## [What you have to do]
Work out how many lines of the records contain "Crew". Answer with the number and nothing else.

--

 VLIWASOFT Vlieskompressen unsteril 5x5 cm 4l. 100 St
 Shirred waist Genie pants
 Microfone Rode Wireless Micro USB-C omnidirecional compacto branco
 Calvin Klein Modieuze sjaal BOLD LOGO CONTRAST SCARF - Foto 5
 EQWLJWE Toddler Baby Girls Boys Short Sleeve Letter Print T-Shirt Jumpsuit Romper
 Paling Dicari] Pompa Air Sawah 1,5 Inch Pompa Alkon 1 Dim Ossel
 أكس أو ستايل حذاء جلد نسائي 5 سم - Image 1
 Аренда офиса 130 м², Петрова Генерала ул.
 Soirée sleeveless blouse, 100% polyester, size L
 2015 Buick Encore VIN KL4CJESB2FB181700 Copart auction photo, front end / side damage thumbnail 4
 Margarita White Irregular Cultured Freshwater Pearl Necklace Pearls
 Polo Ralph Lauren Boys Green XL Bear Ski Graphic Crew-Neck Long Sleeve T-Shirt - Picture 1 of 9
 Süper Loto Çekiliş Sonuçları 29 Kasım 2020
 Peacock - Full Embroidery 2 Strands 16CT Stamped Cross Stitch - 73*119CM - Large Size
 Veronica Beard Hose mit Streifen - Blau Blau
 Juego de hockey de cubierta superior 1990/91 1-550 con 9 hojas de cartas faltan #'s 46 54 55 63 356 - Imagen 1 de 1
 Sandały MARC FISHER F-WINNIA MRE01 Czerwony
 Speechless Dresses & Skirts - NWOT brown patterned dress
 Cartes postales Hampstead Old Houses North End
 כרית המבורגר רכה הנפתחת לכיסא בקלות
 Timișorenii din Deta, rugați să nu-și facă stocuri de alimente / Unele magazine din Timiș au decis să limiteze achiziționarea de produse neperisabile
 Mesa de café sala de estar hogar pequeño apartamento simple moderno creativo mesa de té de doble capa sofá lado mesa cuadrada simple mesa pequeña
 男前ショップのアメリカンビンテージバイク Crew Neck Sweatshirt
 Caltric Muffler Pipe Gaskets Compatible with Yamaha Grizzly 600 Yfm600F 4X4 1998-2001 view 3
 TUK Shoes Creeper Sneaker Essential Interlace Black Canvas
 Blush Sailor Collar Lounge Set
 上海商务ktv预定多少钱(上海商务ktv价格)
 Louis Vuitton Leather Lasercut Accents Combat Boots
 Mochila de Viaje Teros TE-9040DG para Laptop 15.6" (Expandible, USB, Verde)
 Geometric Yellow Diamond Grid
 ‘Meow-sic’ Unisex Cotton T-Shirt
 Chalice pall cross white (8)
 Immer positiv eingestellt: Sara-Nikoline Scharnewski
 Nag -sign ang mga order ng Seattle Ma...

--

## [Answer to this problem]
2